The 5 AM Pact (and My Immediate Regret)

My alarm clock blared a cheerful tune at 5:00 AM. Cheerful, my foot. It sounded like a siren announcing the apocalypse to my sleep-fogged brain. Still, I had made a pact with myself, inspired by countless articles promising the productivity and zen-like peace that came with being a morning person.

I imagined myself, bathed in the golden glow of sunrise, sipping green smoothies while jotting down groundbreaking ideas in my gratitude journal. “This is it,” I mumbled, hitting snooze for the third time. “Operation: Morning Person is a go.” Oh, the naive optimism of those early days.

Like Sunrise Faceplant

My first hurdle was exercise. All the articles swore by it. Something about “jumpstarting your metabolism” and “greeting the day with energy.” So, I unrolled my yoga mat, the rubbery smell hitting me with the subtlety of a brick.

My downward dog looked more like a droopy-eared puppy, and my attempts at sun salutations resulted in me almost taking out the ficus plant. By the time I finished (if you could call it that), I felt less like a yogi and more like I’d run a marathon… through quicksand… in the dark.

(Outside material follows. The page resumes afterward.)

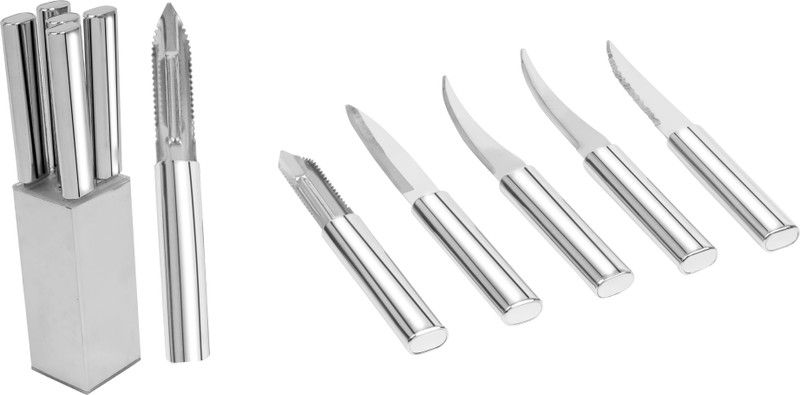 Silver Shark 5 Stainless Steel Knife Set Steak, Tomato, Carving, Multipurpose, Peeler knife with Knife Stand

The Green Smoothie Debacle

Next up, the infamous green smoothie. I crammed kale, spinach, and a suspicious-looking banana into the blender. It whirred to life, sounding alarmingly like a garbage disposal struggling with a spoon. The resulting concoction was…vibrant.

I choked it down, convincing myself that the bitterness was just my taste buds waking up. It wasn’t. It was the taste of my dreams of becoming a morning person dying a slow, leafy death.